Those first few weeks after Paul - Guitar kid - Paul. Found her were a blur. Sounds, sights, smells that fuzzed together like trying to catch a television show through static. It was just too much for her newly functional brain to process. She remembered them later as snatches of clear memory surrounded by piles of cotton candy fog. The initial, electric clarity of that night had fizzled back as she learned how to put together all of the information she could now think about. It would take weeks for her to be anything close to a normally functioning person and parse through the barage of sights and sounds and memories.
"Uh kiddo...are you okay? You're covered in blood."
"I'm fine." Not really. Where am I? Who are you?
"Let's get you some help." Bright green mohawk. Guitar slung on his back. Worried eyes. Kind eyes. Guitar. Guitar kid. She liked him. Did she? What was that feeling?
---"She was just wandering, Padre. I don't know if she's hurt."
The Temple of the Light. It did not look like a temple. How did she know what a temple was? It looked like a long hall with tables and some people quietly eating soup in the back corner. The man in front of her was young, black hair slicked back, a simply black shirt and jeans, silver cuff bracelet, delicate fingers. Young. Her age. Padre. Father? Daddy? No. Not him. Padre. Name not title.
"Let's get Hasba to check you over. What's your name?"
"Not Renee."
"Renee?"
"No. I can't be Renee anymore." Paul. Guitar Kid. Padre. Not Father. They exchanged a look and then back at her.
"I need a new name."
"Hm. We can work on that. you let us know when something sounds good."
"Okay."
---
Those first days were so hazy, learning how to think at speed, how to respond like a normal person. Normal. She was suddenly normal. No more gaps, no more rushing rivers she couldn't ford. It just took those weeks to find her feet. That's what Padre said. She trusted Padre, liked Padre. He was soft and gentle and patient. Bright blue eyes like the sky. She stayed on a cot in the temple in a small room for those first weeks, sometimes silent for hours as she sorted through all the new input.

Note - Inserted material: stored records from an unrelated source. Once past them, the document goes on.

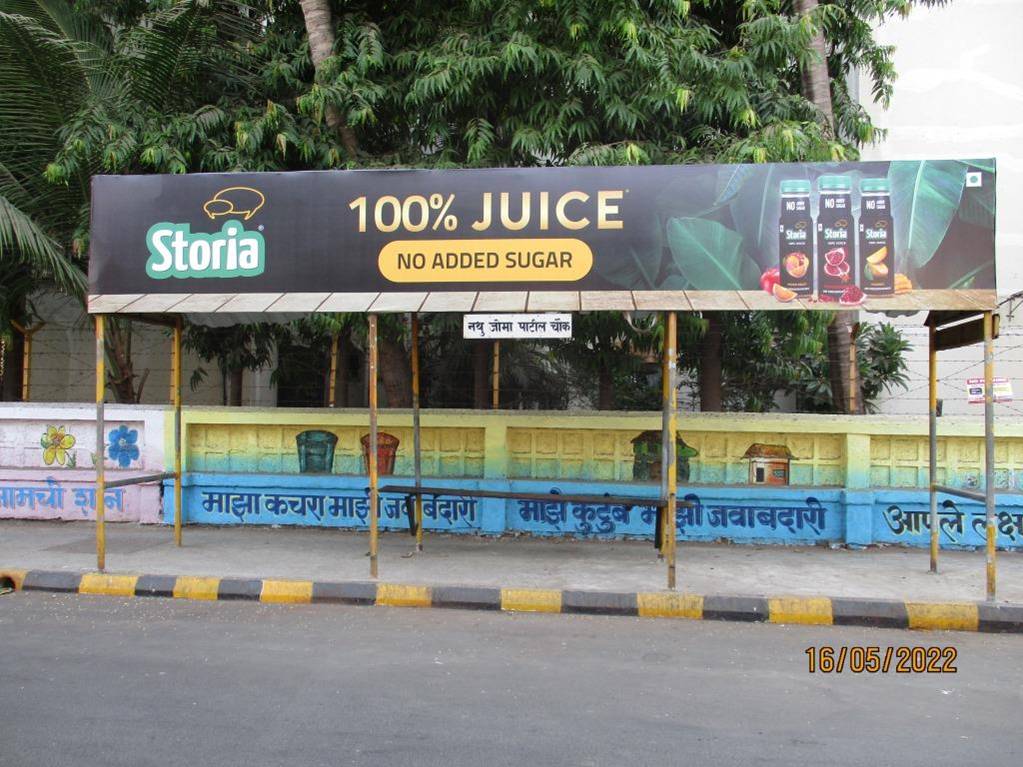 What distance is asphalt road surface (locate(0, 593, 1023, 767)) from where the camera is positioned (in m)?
3.82

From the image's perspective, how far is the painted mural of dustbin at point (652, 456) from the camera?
338 inches

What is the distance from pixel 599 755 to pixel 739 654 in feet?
6.32

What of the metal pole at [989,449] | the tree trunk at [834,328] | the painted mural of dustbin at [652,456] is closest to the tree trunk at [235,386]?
the painted mural of dustbin at [652,456]

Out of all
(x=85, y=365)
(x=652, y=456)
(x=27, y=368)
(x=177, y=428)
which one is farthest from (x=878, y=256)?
(x=85, y=365)

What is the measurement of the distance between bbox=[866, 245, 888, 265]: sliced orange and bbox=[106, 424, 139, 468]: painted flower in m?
7.73

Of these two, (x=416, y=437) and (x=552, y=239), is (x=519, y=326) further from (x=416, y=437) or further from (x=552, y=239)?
(x=416, y=437)

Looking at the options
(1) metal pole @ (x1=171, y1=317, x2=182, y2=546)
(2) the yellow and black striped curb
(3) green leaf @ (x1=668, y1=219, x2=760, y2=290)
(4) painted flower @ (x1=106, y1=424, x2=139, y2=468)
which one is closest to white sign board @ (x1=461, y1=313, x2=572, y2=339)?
(3) green leaf @ (x1=668, y1=219, x2=760, y2=290)

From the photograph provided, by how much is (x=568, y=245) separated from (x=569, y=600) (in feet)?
9.16

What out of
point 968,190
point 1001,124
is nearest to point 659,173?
point 968,190

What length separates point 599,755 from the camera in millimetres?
3777

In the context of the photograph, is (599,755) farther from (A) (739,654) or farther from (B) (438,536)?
(B) (438,536)

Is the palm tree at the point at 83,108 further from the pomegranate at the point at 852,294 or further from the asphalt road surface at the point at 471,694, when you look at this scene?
the pomegranate at the point at 852,294

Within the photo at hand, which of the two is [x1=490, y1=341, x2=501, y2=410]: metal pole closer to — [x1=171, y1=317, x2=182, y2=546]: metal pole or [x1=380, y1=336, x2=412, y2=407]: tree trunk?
[x1=380, y1=336, x2=412, y2=407]: tree trunk

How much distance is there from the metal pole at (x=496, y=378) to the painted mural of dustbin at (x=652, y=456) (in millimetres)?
1524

Slowly she began to speak more, to think more clearly. The little asides of her new, magically created brain, fewer and quieter. Confusion ebbed, replaced by clarity and thoughts that went in order. Vocabulary filled itself in. Padre honored her need to sit and watch and listen until things made sense. Paul came some days to check on her. Sometimes one or the other would take her out into the city to see something new and then another few days of processing and thinking would happen.
---
"Do you want to tell me what happened?" Padre - a nickname she had learned - his real name was Armand Montilla and he was the Sofofos of the Paradise City Temple of the Light. He was a guitar player in one of the local clubs and when he wasn't there, he enjoyed his charity work in the borough. He was what was called an "old soul" - someone wise in a young body. He had also been patiently waiting for Not Renee to tell him more since the night Paul had brought her here several months ago.
So she told him. About her twin, about her father, about the strange buzzing electricity in her brain, about the gun. He listened without judgement and then nodded, giving her hand a squeeze. She liked the warmth and the calluses on his fingers.
"Did you find a new name yet?"
"Elizabeth. I like Elizabeth. It was in the book with the cross. I read that one - most of it was a little ... bloody. But I like the ideas of forgiveness and love parts."
"Have you read any of the rest of them?"
"Some of them. The words are still hard."
"Give it time."
"So Elizabeth. You need a last name too. We'll get you an ID for when you want to leave here."
"I can't stay?"
"You can stay as long as you want but I don't think you'll want to forever."
"That makes sense," she said finally. "I'll have to think of a last name."
"Hm. Martinez?"
"What's that mean?"
"nothing in particular but it's very common. It would make it easier for you to take on a new life if it's something common."
"Martinez. Elizabeth Martinez. Yes, that works. You're not upset?"
"With you? No. You were hurt. You were a victim. And you could finally defend yourself. I'm impressed, if you want my honest opinion."
"Impressed?"
"That took courage."
"It just felt scary."
"Courage is always terrifying," he said finally. "You'll sort it. And you know where I am if you need help."
"Thank you," she replied.
It was not, in the end, quite that simple.